For more than 200 years, just one judicial nominee was defeated by filibuster — Abe Fortas in 1968 in extraordinary circumstances that are not comparable to the current situation. For more than 200 years, no minority leader ever organized a judicial filibuster. For more than 200 years, the Senate operated on the understanding that a majority of senators was entitled to carry out its constitutional obligation to advise and consent on federal judges. But now the Democratic leadership has cast aside Senate tradition to usurp the president’s appointment power against nominees not meeting the minority’s ideological benchmarks or litmus tests.

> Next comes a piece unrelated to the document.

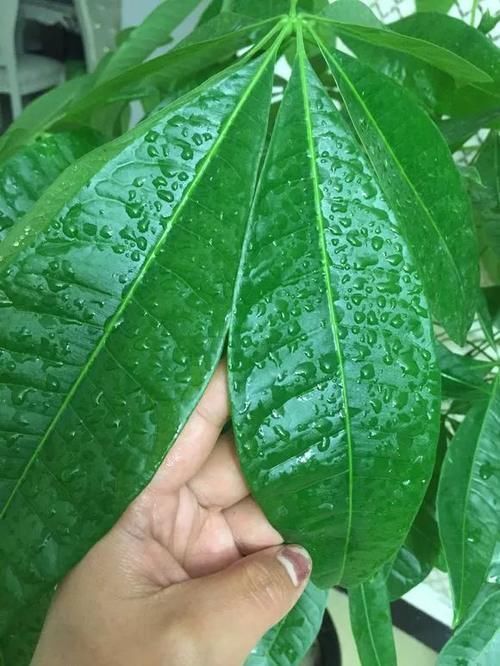 发财树君子兰烂根，可别扔了，1个小招就能救活！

The Constitution clearly specifies the few instances where more than a majority vote is required for Senate approval. For example, two-thirds of senators are needed to ratify a treaty or to override a presidential veto. For nominations, only a majority is needed. It has been that way for 200 years. It is not the Republicans who are breaking constitutional and Senate tradition. It is those who wish to filibuster judicial nominees and impose an effective threshold of 60 votes to confirm an appeals court judge. The Democrats complain about the tyranny of the majority as they practice tyranny of the minority — certainly not a Senate or constitutional tradition.
The Democratic leadership is imposing a unique burden on President Bush. A cloture vote to end a filibuster on a judicial nomination is simply not advice and consent within the Constitution’s meaning.
The Democratic minority asserts it has no choice but to filibuster judges, because Republicans control the White House and Senate. Yet during much of U.S. history, this GOP control has been the case — and filibustering judges was unknown. Has every Senate in American history been wrong constitutionally and traditionally?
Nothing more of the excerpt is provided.